Only the lines from the one containing "Fotografie North and" through the last line below belong in your copy; transcribe them exactly and omit any pictures.

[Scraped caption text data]
^^^^
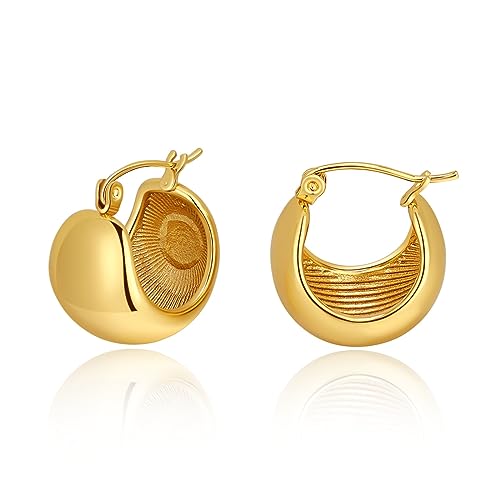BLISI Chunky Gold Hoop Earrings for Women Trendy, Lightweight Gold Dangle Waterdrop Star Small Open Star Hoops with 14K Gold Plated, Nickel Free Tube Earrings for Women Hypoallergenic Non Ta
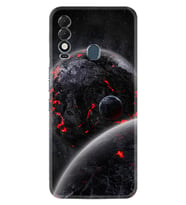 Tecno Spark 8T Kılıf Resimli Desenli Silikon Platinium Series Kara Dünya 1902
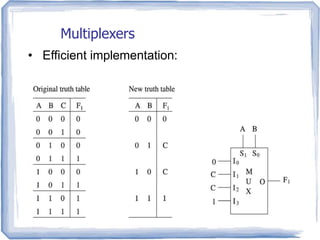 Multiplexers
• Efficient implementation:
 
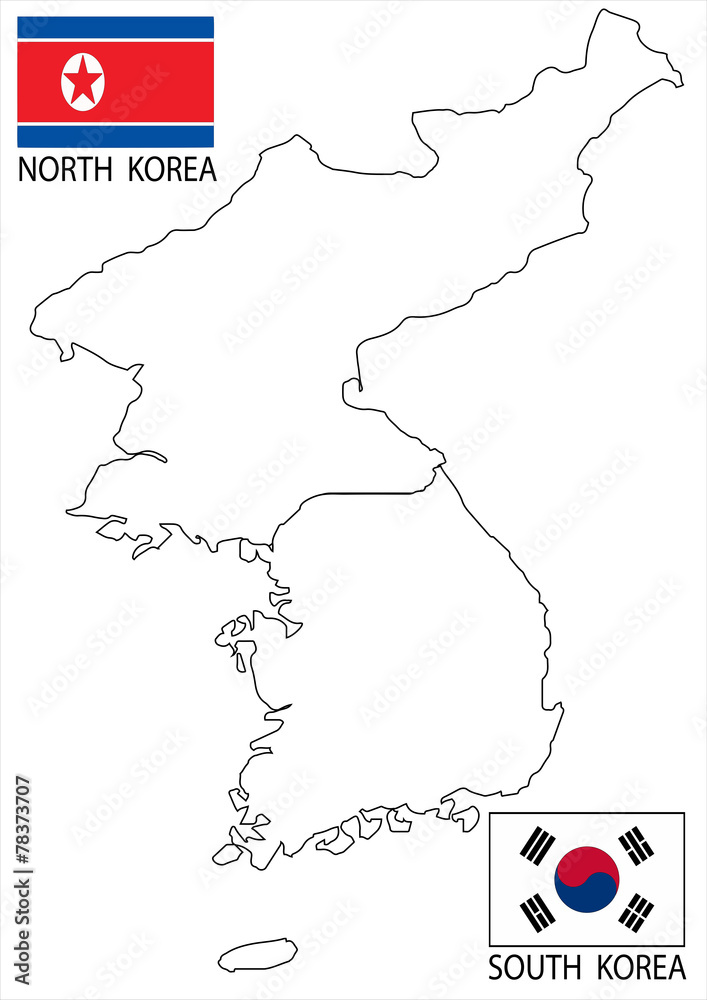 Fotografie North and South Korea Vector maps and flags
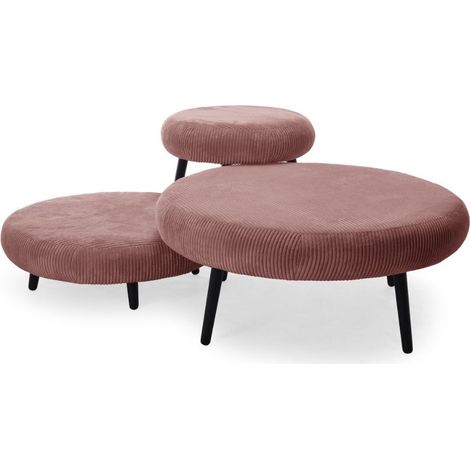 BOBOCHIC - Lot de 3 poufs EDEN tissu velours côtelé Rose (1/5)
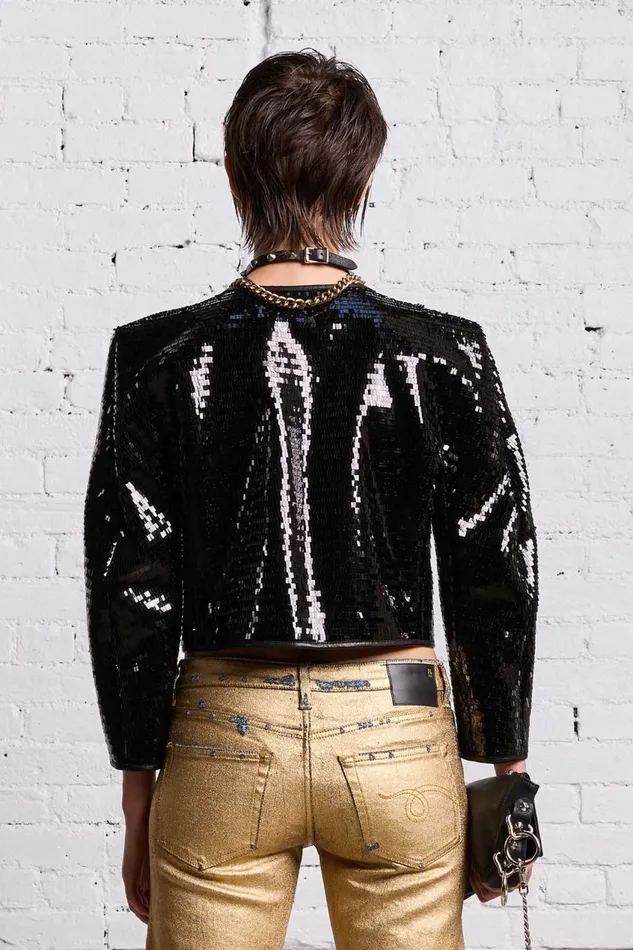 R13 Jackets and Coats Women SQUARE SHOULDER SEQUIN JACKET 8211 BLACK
^^^^
**SOLUTION FOR THIS EXERCISE:**
 Fotografie North and South Korea Vector maps and flags
 BOBOCHIC - Lot de 3 poufs EDEN tissu velours côtelé Rose (1/5)
 R13 Jackets and Coats Women SQUARE SHOULDER SEQUIN JACKET 8211 BLACK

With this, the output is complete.